Make herb butter (easiest in the food processor). For a loaf this size, I used about 1.5 sticks of butter, a small bunch of parsley, 4 garlic cloves, a handful of sliced almonds, and 1/4 tsp pepper and 1/2 tsp salt, and 3T pinot grigio. I had a little butter left over, which will get used up on the top of the loaf of bread (not used for the recipe) when we eat that as a snack.

Use a spatula to spread herb butter all around the inside of the loaf. Add a layer of fish (I used the fake crab fish, figuring if it tastes fine with that, it'll be even better with real fish. Besides, I had a bunch in the fridge to use up, and was tired of cold salad). Add a layer of chopped mushrooms over the fish. Add another layer of fish.

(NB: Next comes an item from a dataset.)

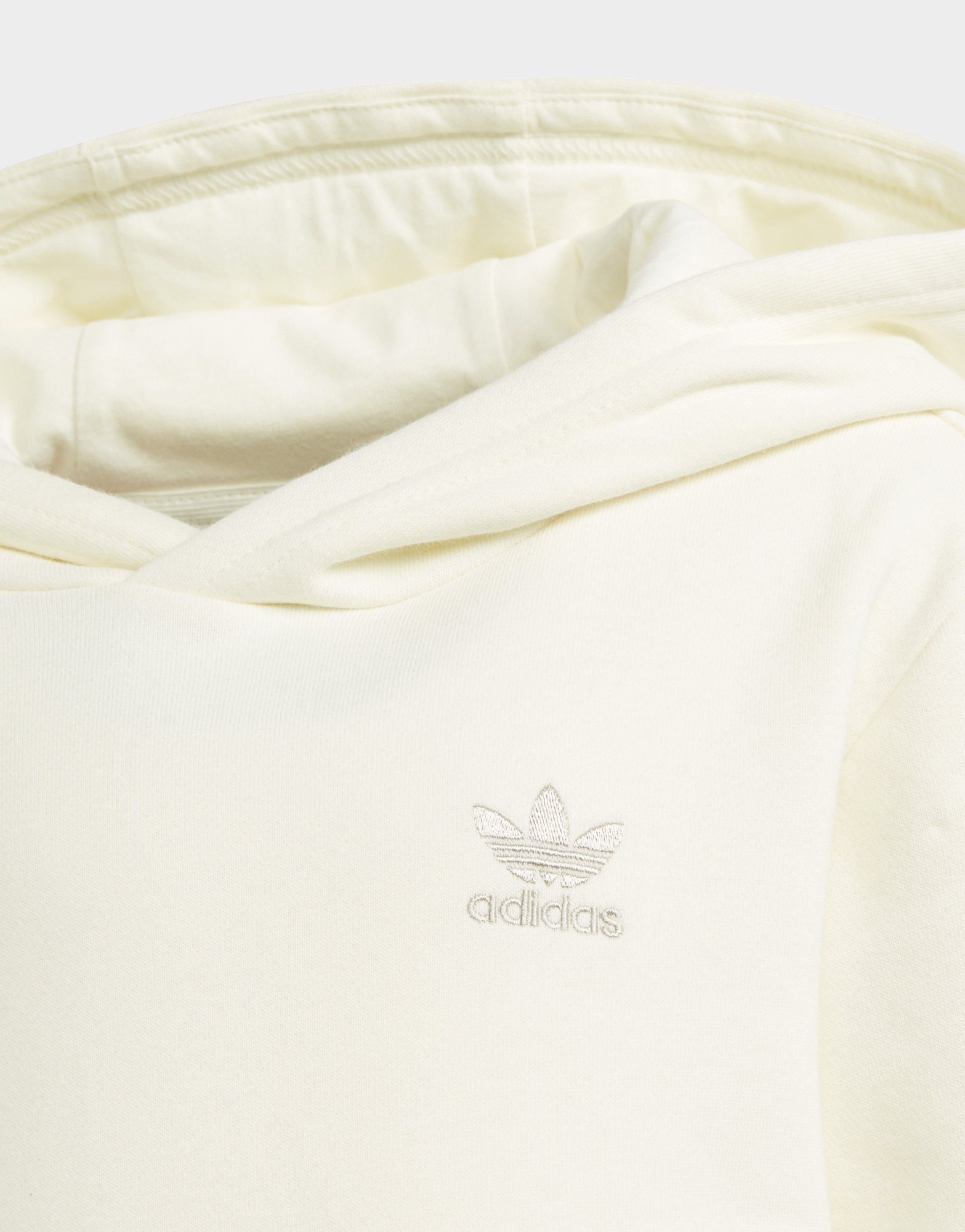 adidas Originals Ensemble Adicolor Hoodie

Use the spatula to spread another layer of herb butter to cover the fish. Lastly, completely cover the butter with the breadcrumbs taken from the middle of the loaf. Then moisten the breadcrumbs with 1/4 cup pinot grigio (or whatever wine you used to make the herb butter).

Bake for at least 1 hour in an oven which has been preheated to 400F. Cut into wedges, and serve.

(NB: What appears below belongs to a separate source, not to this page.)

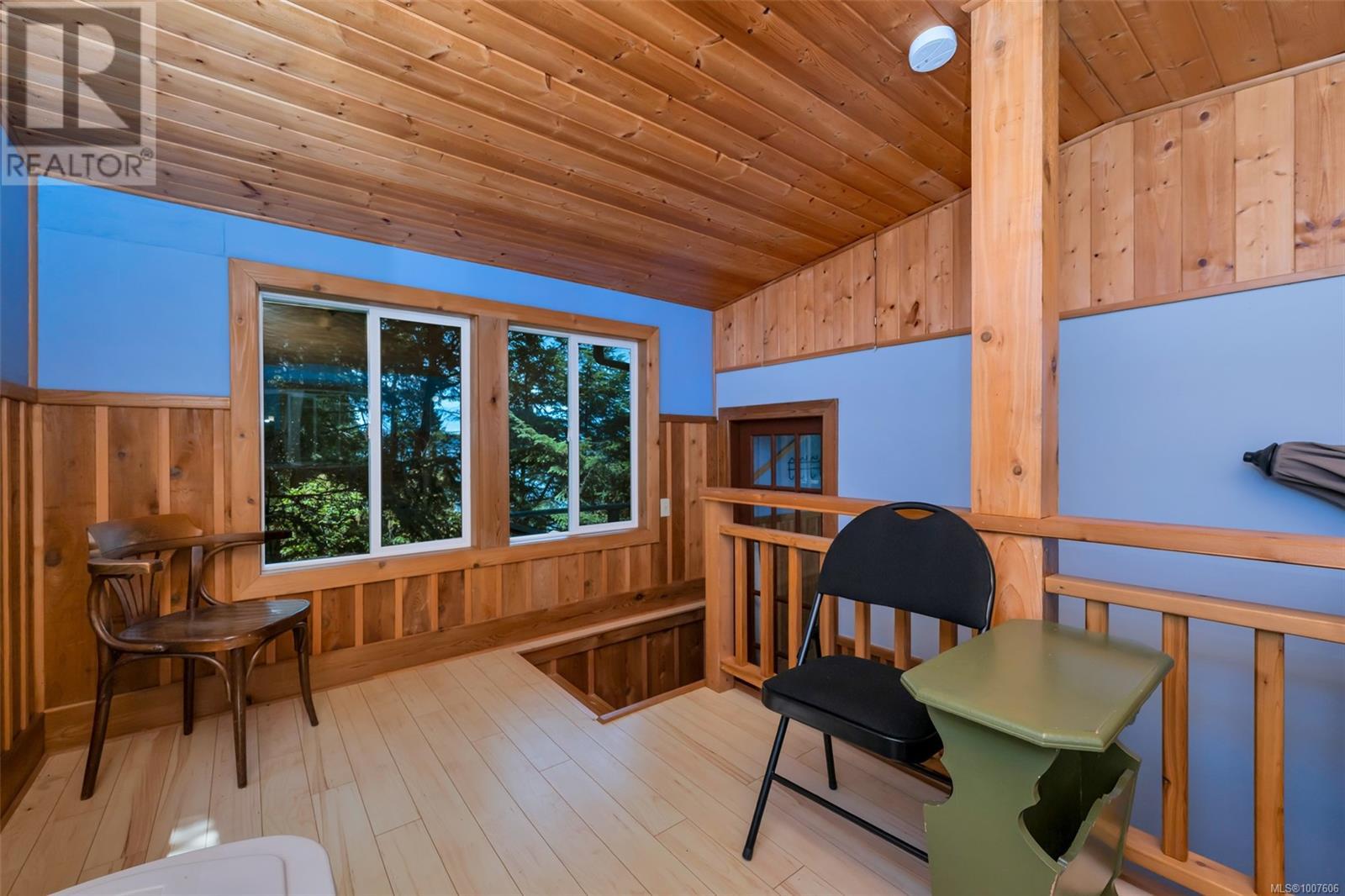 Photo 29 of Lt 9 Ruxton Lane, Ruxton Island BC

Next time, I will probably use salmon, and flavor the butter with dill. I think this concept would also work pretty well with chicken. Maybe season the butter with tarragon for that. In the cookbook, Jacques uses a combination of different fish and squid. I'm sure it's delicious, but I usually can't be bothered fussing with a lot of ingredients, so I'll probably mostly stick to simpler combinations of fillings.

I might also try this as a vegetarian entree for summer, when we have a lot of garden vegetables, maybe throw some beans in there for protein, maybe a little cheese right under the breadcrumbs. The combinations are endless, really.